『10thアニバーサリー 劇場版 遊☆戯☆王 〜超融合!時空を越えた絆〜』感想

アニメ『遊戯王』シリーズのファンなので見に行ったわけなのだが、この作品が「3Dメガネを通して鑑賞する2Dアニメとしては初のフルデジタル3Dデジタルシネマ」*1であるらしいことも、鑑賞の動機のひとつだ。2Dアニメとして、はじめての試みに挑戦しているのであれば、これは見ておかんとあかんな、と。
恥ずかしながらこれまで3D形式の映画を見たことがなかったので、この試みを正当に評価することはおそらく難しいのだが、まだまだ研究の余地があるように思えた。確かに、キャラクターが浮かび上がって見えたり、モンスターやD・ホイールが立体的に見えたり、というのはただそれだけでもスペクタクルであり、楽しいのだが、もっと面白くできそうな気がする。2Dアニメの特性として、立体的に見えるとは言っても、どうしても平面的であって、それをどう改善していくか、あるいはどう長所にしていくか。ともかくこの技術については、可能性を感じるので、今後に期待する。「萌えアニメ」などと呼ばれたりする、女の子がいっぱいでてくるアニメなんかで上手に使えばキャラクターがぐっと近くに感じられて楽しいんじゃないかと。おっぱいが立体的に見えたりしたら、それはわくわくするだろ。
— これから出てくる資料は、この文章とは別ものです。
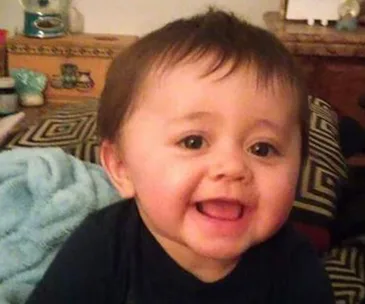 A smiling baby lying on a patterned blanket, with a blue towel beside them.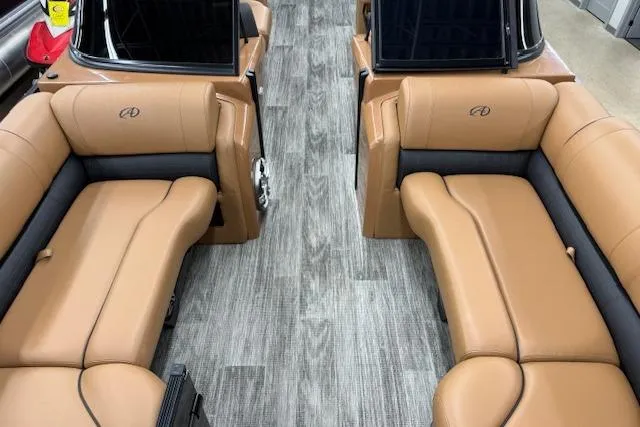 Slide: The Image of Luxurious interior of 2023 Avalon Catalina 2585 QL with tan leather seating and wood-style flooring. - 15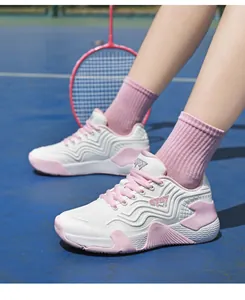 Détail de chaussures de badminton respirantes rose et blanc sur terrain de sport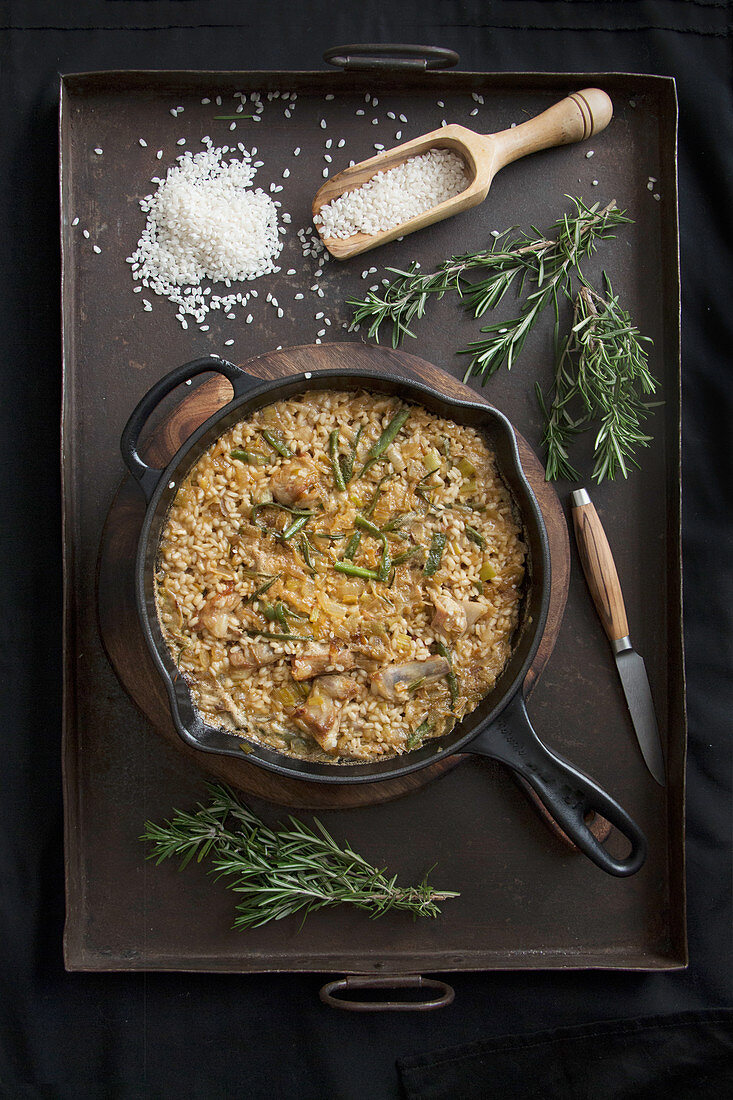 Risotto with spices and rosemary on a pan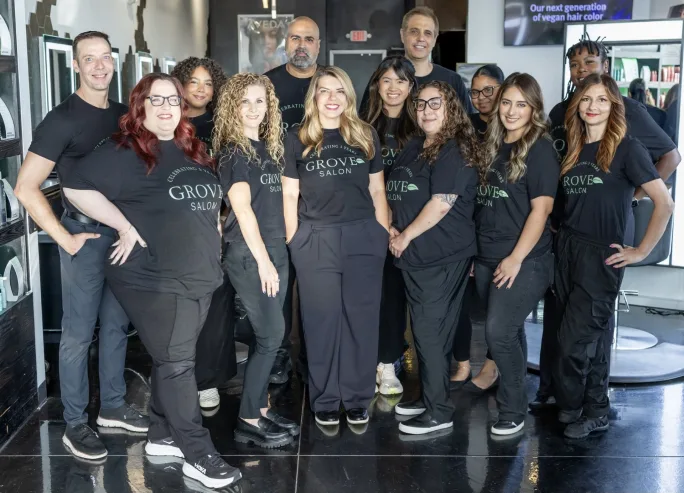A team of stylists dressed in identical black Grove Salon T-shirts.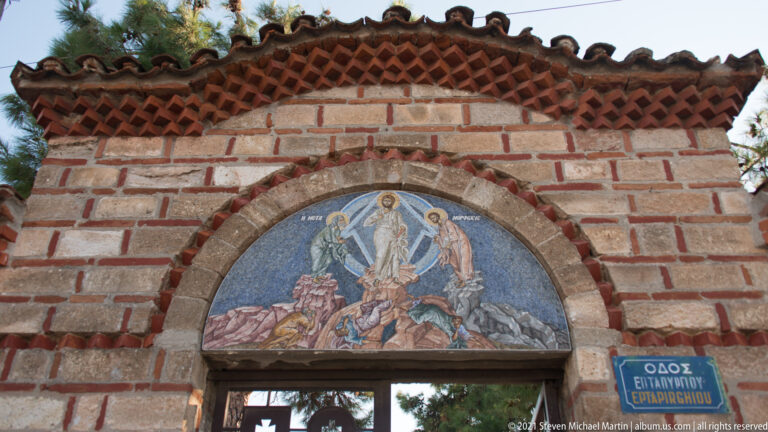 Semicircular Transfiguration mosaic with Christ in a blue mandorla and figures around him above a brick doorway.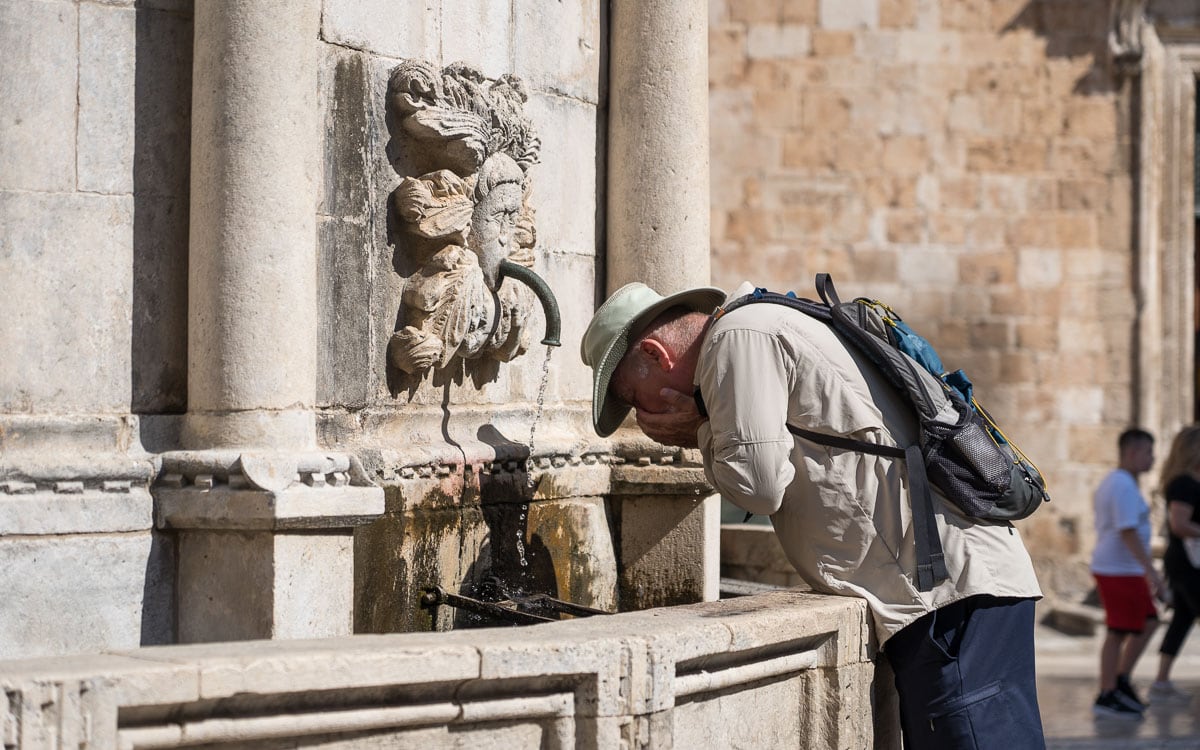 Drinking out of the fountain, Large Onofrio Fountain, Dubrovnik, Croatia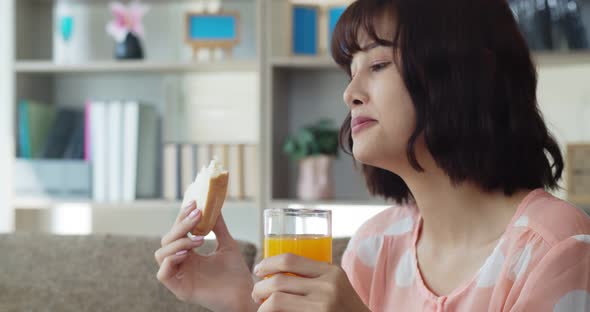 Young pretty woman eating sandwich and orange juice with happy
作品それ自体についても述べておかねばならない。まあ、さして楽しい映画ではなかった。尺の短さのせいでもあるし、3人の主人公達の掛け合いの他人行儀さの故でもあるだろう(この掛け合いがこれはこれで良い気もするのだが。)。『5D's』的な生真面目さを保とうとしているように見えてしまったのが残念だ。個人的には、『GX』的な荒唐無稽な映画が見たかった(いや、十分に荒唐無稽であるとも言えようが)。「超融合」しないし。それでも、遊戯と遊星との対比で十代のキチガイぶりが際立って、それだけでも『GX』ファンとしては楽しかった。十代だけ目の輝きが違う気さえする。ただ、もろもろの不満はあるものの、D・ホイールでの走行の場面やデュエルの場面での、見た目の面白さはあり、それだけで十分であるようにも思う。